BATUBARAPOS.com, – Publik kembali diguncang oleh kabar mengejutkan dari pusat kekuasaan. Burhanuddin Abdullah, mantan Gubernur Bank Indonesia yang pernah divonis bersalah dalam kasus korupsi, kini dipercaya menjabat sebagai Ketua Tim Pakar dan Inisiator Badan Pengelola Investasi Daya Anagata Nusantara (Danantara).
Danantara merupakan lembaga strategis yang akan mengelola aset negara senilai lebih dari Rp14.000 triliun. Penunjukan Burhanuddin Abdullah menimbulkan pertanyaan besar di tengah masyarakat: apakah negara kekurangan figur yang bersih dan berintegritas hingga harus menunjuk eks terpidana korupsi ke posisi sepenting ini?

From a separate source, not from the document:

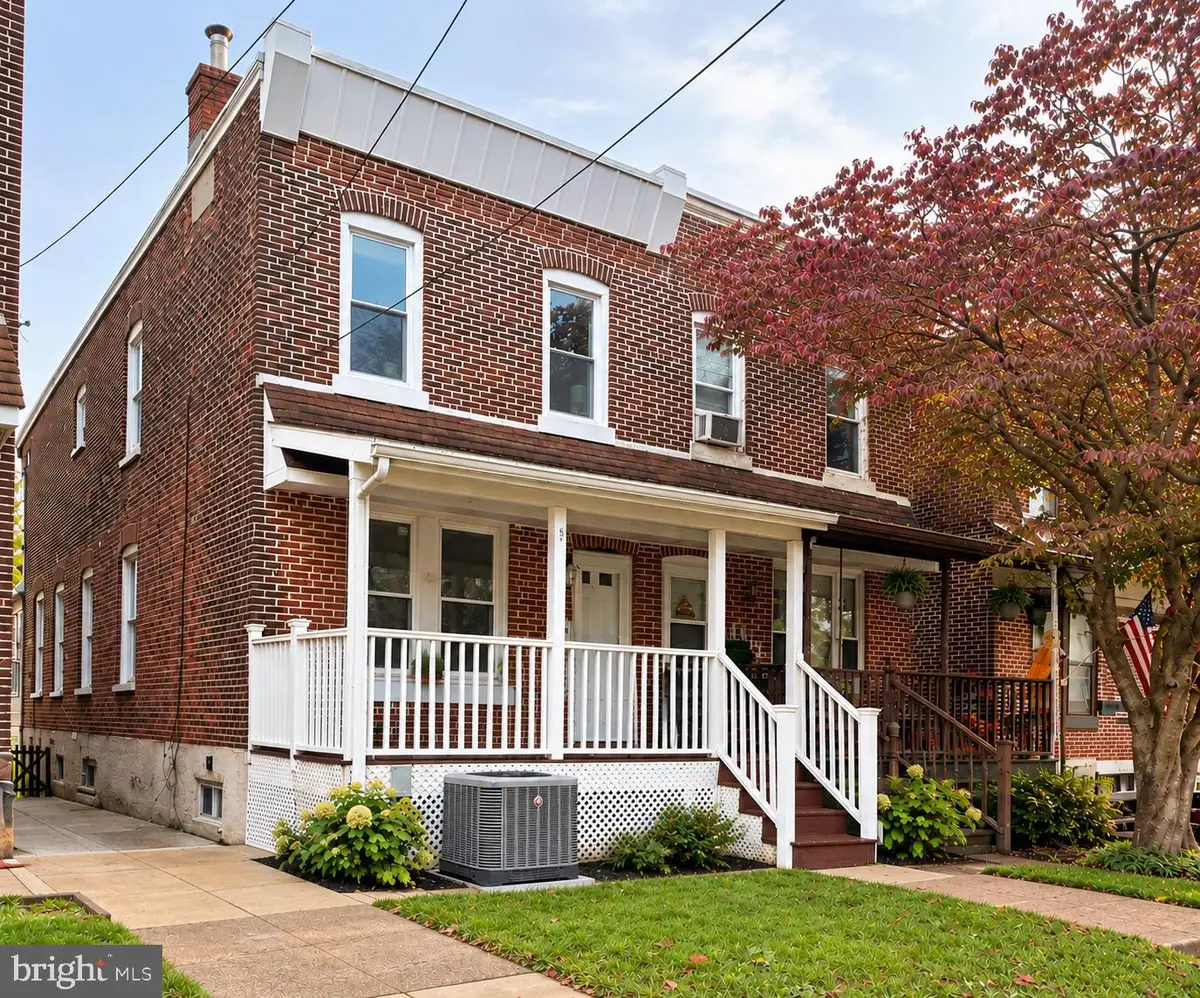 1315 E 9th St, Crum Lynne, PA 19022 - #1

Sebagai catatan, pada tahun 2008, Burhanuddin dijatuhi hukuman lima tahun penjara dan denda Rp250 juta atas penyalahgunaan dana Yayasan Pengembangan Perbankan Indonesia (YPPI) saat menjabat Gubernur BI. Kasus ini menjadi salah satu skandal besar dalam sejarah keuangan negara kala itu.
Meski Burhanuddin telah menyelesaikan masa hukumannya, penunjukan dirinya untuk kembali ke panggung kekuasaan memunculkan perdebatan soal etika, integritas, dan komitmen pemerintah dalam pemberantasan korupsi. Publik pun mempertanyakan pesan moral yang coba disampaikan: apakah rekam jejak korupsi tak lagi menjadi penghalang untuk menduduki jabatan publik?
Lebih dari sekadar kontroversial, keputusan ini membuka luka lama dalam upaya reformasi birokrasi dan penegakan hukum. Ketika mantan narapidana korupsi diberi mandat mengelola uang negara, maka yang perlu dipertanyakan bukan hanya sosok yang ditunjuk, tetapi juga sistem yang memungkinkan itu terjadi.
Dalam situasi di mana kepercayaan publik terhadap pemerintah sedang diuji, keputusan seperti ini justru menambah keraguan: apakah kita sedang menuju tata kelola yang lebih baik, atau justru sedang berjalan mundur?